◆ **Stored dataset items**
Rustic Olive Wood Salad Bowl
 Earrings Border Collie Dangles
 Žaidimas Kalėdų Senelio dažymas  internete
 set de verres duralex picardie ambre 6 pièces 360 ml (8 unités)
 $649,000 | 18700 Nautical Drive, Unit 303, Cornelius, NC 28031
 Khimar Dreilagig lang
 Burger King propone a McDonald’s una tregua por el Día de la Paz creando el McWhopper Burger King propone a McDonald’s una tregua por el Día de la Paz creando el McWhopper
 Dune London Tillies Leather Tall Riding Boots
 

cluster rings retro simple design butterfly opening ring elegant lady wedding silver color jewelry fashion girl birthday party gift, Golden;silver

◆ **WHAT YOU ARE ASKED TO DO**
Output consists of exactly the lines from the one containing "set de verres" to the end of the records above, retyped without change and with nothing extra.

◆ **WRITTEN RESPONSE**
 set de verres duralex picardie ambre 6 pièces 360 ml (8 unités)
 $649,000 | 18700 Nautical Drive, Unit 303, Cornelius, NC 28031
 Khimar Dreilagig lang
 Burger King propone a McDonald’s una tregua por el Día de la Paz creando el McWhopper Burger King propone a McDonald’s una tregua por el Día de la Paz creando el McWhopper
 Dune London Tillies Leather Tall Riding Boots
 

cluster rings retro simple design butterfly opening ring elegant lady wedding silver color jewelry fashion girl birthday party gift, Golden;silver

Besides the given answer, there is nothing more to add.